Well after splitting up with my ex after 21 years I joined a couple of online dating sites. I've been surprised at the amount of interest I've had from some really nice looking and sounding women with good jobs. Swapped a few messages and then I've gone silent when they suggest meeting.

Crunch time has come and I've found I'm scared to actually meet someone. After being 21 years with the same person I worry if they don't like me in the flesh, don't find me funny, find me too serious, find me boring etc etc. This is really scary and I get tongue tied in social situations at best. My ex was my best friend and managed to put up with me for that length of time.

I'm so out of touch with dating I don't even know any ettiquette - do you split the bill, do you kiss on the first date? or kiss on the cheek etc. This is a nightmare. (I'm English by the way we're a reserved bunch).
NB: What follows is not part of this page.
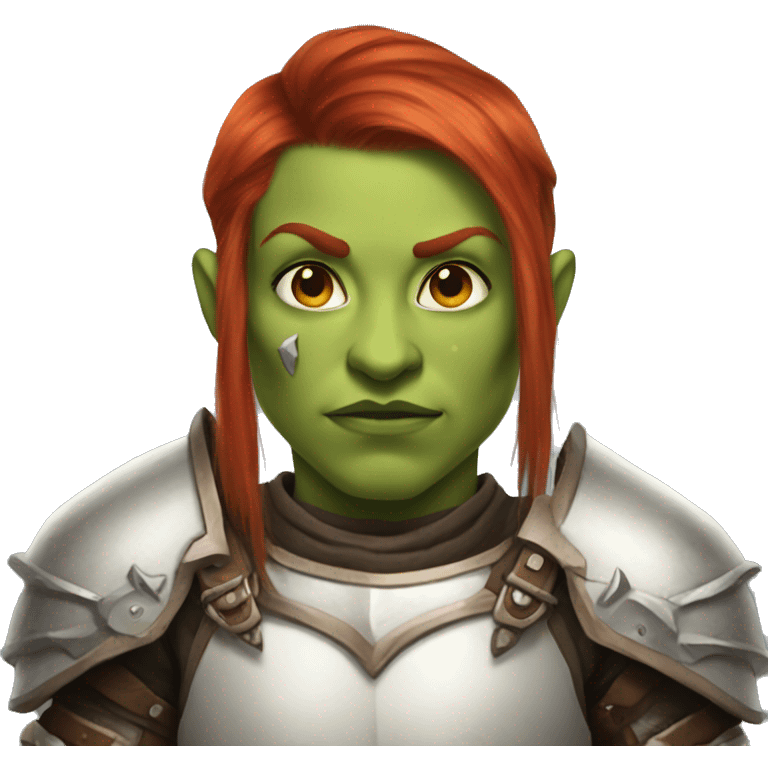 orc redhead with heavy white armor fantasy emoji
Give me some advice please.


----------



## WomanScorned

It is scary to put yourself out there, especially for the first time. But just be yourself. I don't know what the etiquette is for dates. I think it's probably appropriate to split the bill (?). Or one of you buy dinner, one drinks and/or dessert. It's just a thought. I think once you bite the bullet and actually do it once it will get easier. Just remember that the other person is probably nervous, too.


----------



## PBear

As a guy, I think you should be prepared to, and offer to, pay for dinner, drinks, pedicure, whatever she likes. . If she insists on paying a portion, accept graciously. In terms of holding hands or kissing, I would say a lot depends on the relationship you've built up virtually and go from there. In my experience, if you've been talking online for a couple of weeks already, you're probably ok with taking her hand a couple of times throughout the date as you talk, and at least a kiss goodnight.
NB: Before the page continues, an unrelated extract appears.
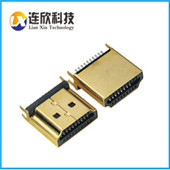 HDMI連接器插座  HDMIA TYPE公座夾板式帶壓勁，高清HDMI座子9PIN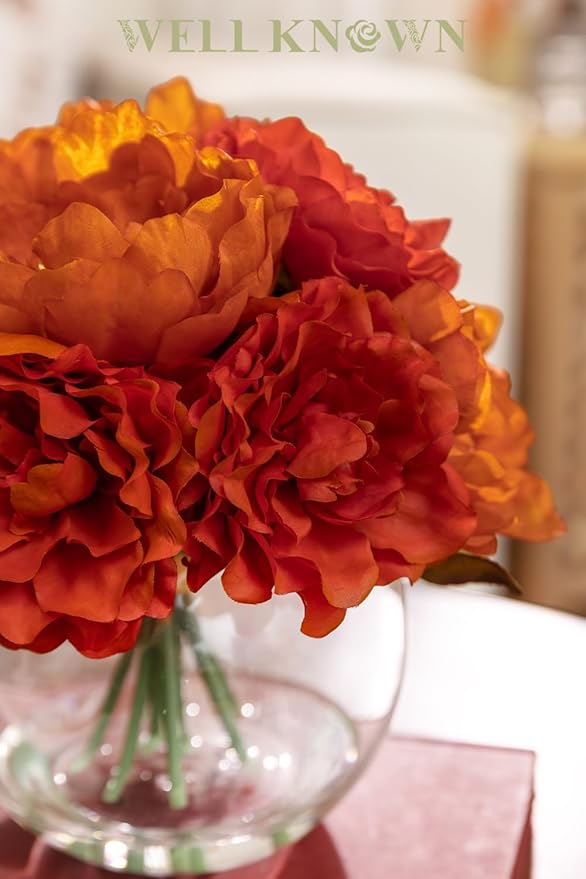 WELL KNOWN Artificial Flowers in Vase, Silk Peonies Flowers for Vase with Faux Water, Burnt Orange Fake Flower Arrangements for Thanksgiving Fall Winter Dinning Table Centerpieces Party Decor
But what do I know... On the first date with my current GF, we were getting ready to leave, and she asked me if I wanted to go out to her car and make out. . I had, by that point, kissed her a few times in our restaurant booth, and had been taken her hand frequently when we weren't actively dining. But she said she was pleasantly surprised that I was as forward as I was, as I'm a self-confessed computer nerd. 

C
_Posted via Mobile Device_


----------



## babyowlsrcute

Are you going on a date with other women your age who are in similar situations? If so, she is probably worried about the same things. Go in with confidence, be yourself, and realize she is just as nervous as you are.
_Posted via Mobile Device_


----------



## Homemaker_Numero_Uno

Me too! 

Then I realized, I have been going out to museums, dances, dinner, movies, kayaking...with male friends. I've been dating under my own radar. :-o

My suggestion is to go out with friends for a while. 
You get the hang of things, it's comfortable, relaxing.

Then when you go out on a date with someone you might not know that well, you know the ropes and won't think too much about it. 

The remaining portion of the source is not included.